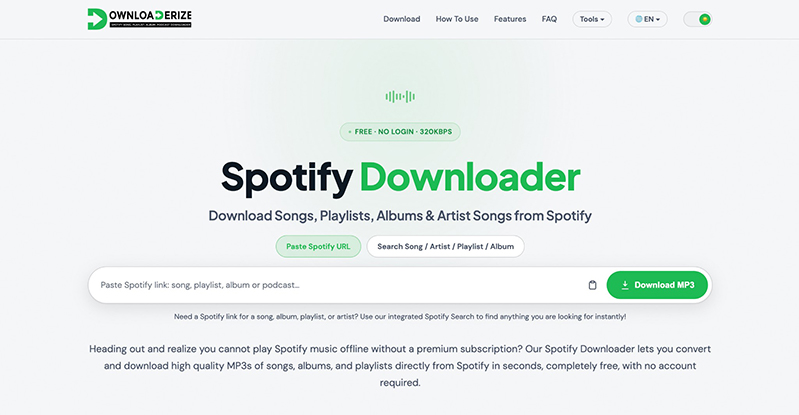 spotify mp3 変換 サイト DOWNLOADERIZE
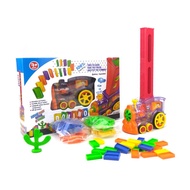 Colored Electric Train Set Automatic Brick Laying Toy Trains Domino Board Game for Children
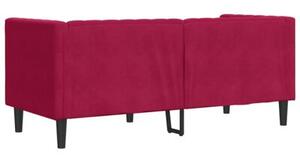 Sofa chesterfield z waÅkami, dwuosobowa, bordowa, aksamit
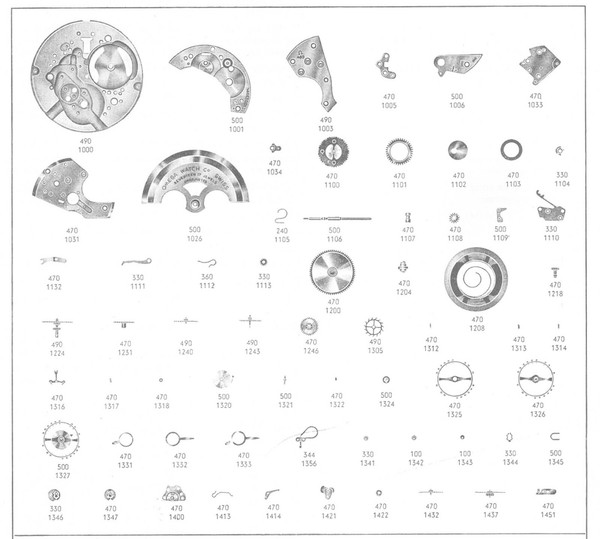 Omega caliber 490, 491 Parts. If  no stock of the part you need, contact us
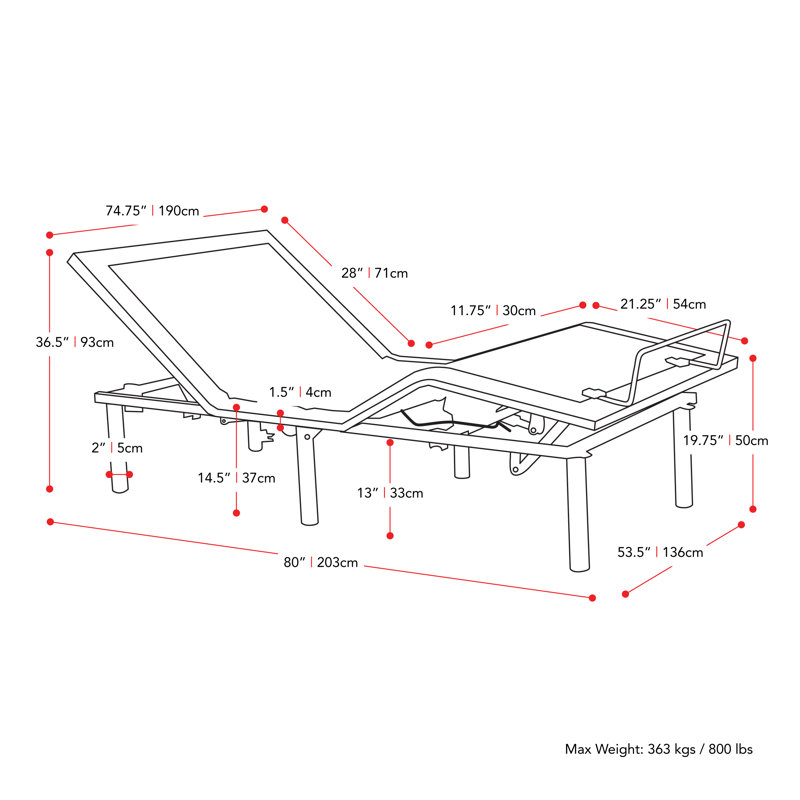 Yonker Adjustable Bed with Wireless Remote, King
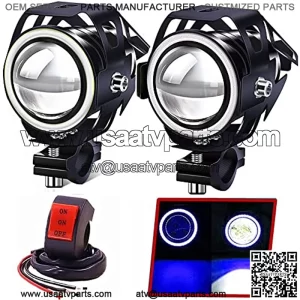 2X Motorcycle Halo Headlights with Switch ,Universal U7 Motorbike Auxiliary Driving Light 12V/24V for ATV UTV Scooter Off Road Trucks White Beam Blue Ring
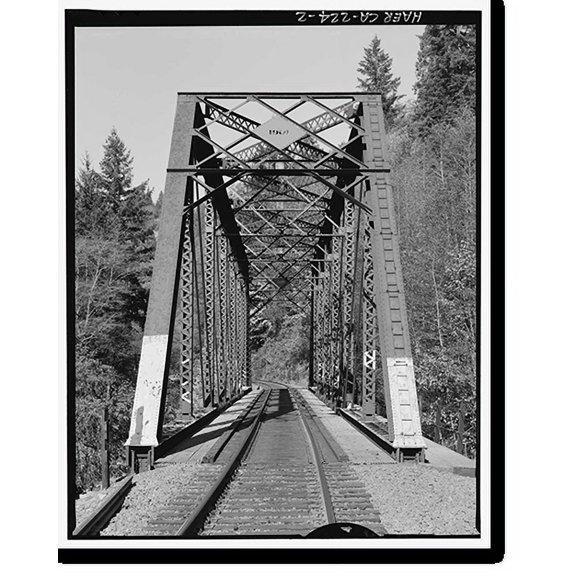 Historic Print, Southern Pacific Railroad Shasta Route, Bridge No. 324.99, Milepost 324.99, Shasta Springs vicinity, Siskiyou County, CA - 2, 16" x 20"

--*--

• EXERCISE INSTRUCTIONS:
From the line containing "Colored Electric Train" through the last line of the entries, copy each line exactly and only those, skipping all pictures.

• EXERCISE RESULT:
 Colored Electric Train Set Automatic Brick Laying Toy Trains Domino Board Game for Children
 Sofa chesterfield z waÅkami, dwuosobowa, bordowa, aksamit
 Omega caliber 490, 491 Parts. If  no stock of the part you need, contact us
 Yonker Adjustable Bed with Wireless Remote, King
 2X Motorcycle Halo Headlights with Switch ,Universal U7 Motorbike Auxiliary Driving Light 12V/24V for ATV UTV Scooter Off Road Trucks White Beam Blue Ring
 Historic Print, Southern Pacific Railroad Shasta Route, Bridge No. 324.99, Milepost 324.99, Shasta Springs vicinity, Siskiyou County, CA - 2, 16" x 20"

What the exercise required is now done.